Source: The Columbian
Gov. Jay Inslee directed the state Thursday to tackle mounting public safety concerns and develop a spill response plan as oil train traffic continues to increase, particularly in Southwest Washington.
He announced the directive at a meeting of The Columbian’s editorial board in Vancouver.
“The Pacific Northwest is experiencing rapid changes in how crude oil is moving through rail corridors and over Washington waters, creating new safety and environmental concerns,” the directive reads.
The governor asked the Department of Ecology to work with other state agencies, the Federal Railroad Administration and tribal governments to “identify data and information gaps that hinder improvements in public safety and spill prevention and response.”
Specifically, the governor’s directive asks agencies to: – Characterize risk of accidents along rail lines. – Review state and federal laws and rules with respect to rail safety and identify regulatory gaps. – Assess the relative risk of Bakken crude with respect to other forms of crude oil. – Identify data and information gaps that hinder improvements in public safety and spill prevention and response. – Begin development of spill response plans for impacted counties. – Identify potential actions that can be coordinated with neighboring states and British Columbia. – Identify, prioritize, and estimate costs for state actions that will improve public safety and spill prevention and response.
He set an Oct. 1 deadline for agencies to respond.
He also said he’ll reach out to other states to develop coordinated oil transportation safety and spill response plans, and pledged to ask the 2015-17 Legislature for money for oil train safety.
The directive comes as the state Energy Facility Site Evaluation Council is reviewing an application by Tesoro Corp. and Savage Cos. to build an oil shipping terminal at the Port of Vancouver.

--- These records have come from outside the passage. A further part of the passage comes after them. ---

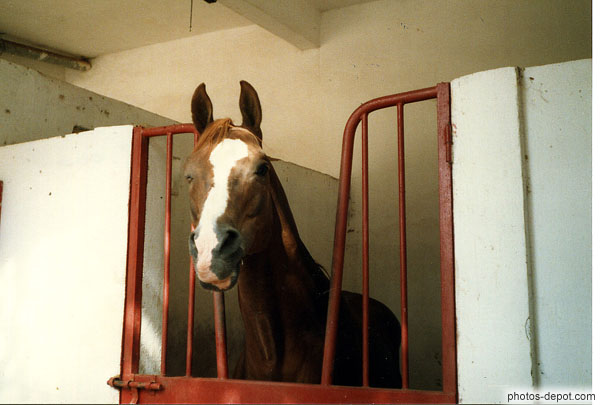 photo d'écuries royales de 12000 chevaux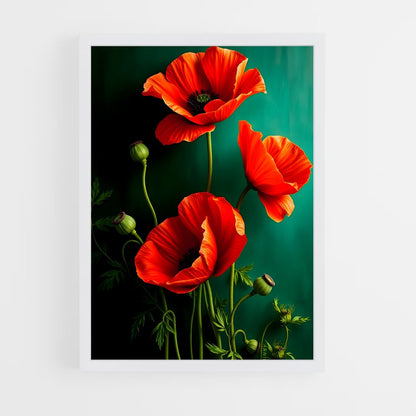 ap-poppy-10 cadre Blanc
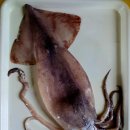 집밥&퓨전요리 이미지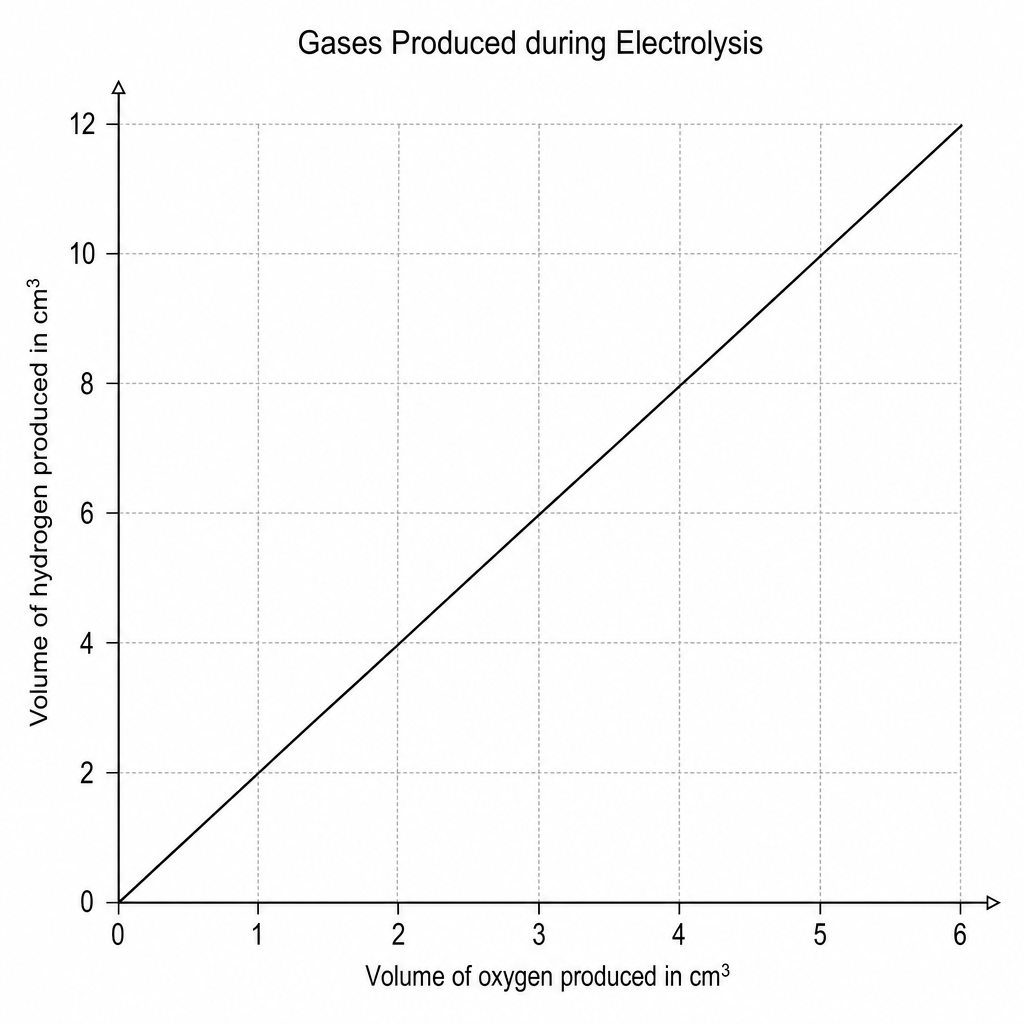 Gases Produced during Electrolysis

Bakken crude would arrive at Vancouver by train and leave by ship or barge on the Columbia River.
As governor, Inslee will have the final say on the Tesoro-Savage permit. “We will make the right decision at the right time,” he said, without tipping his hand.
The first-term Democrat is in Vancouver all day today. He presented awards to Washington State Department of Transportation employees, and is scheduled to visit a local technology firm, Smith-Root, that is expanding. This evening he will give the commencement address at the Washington School for the Deaf’s graduation ceremony.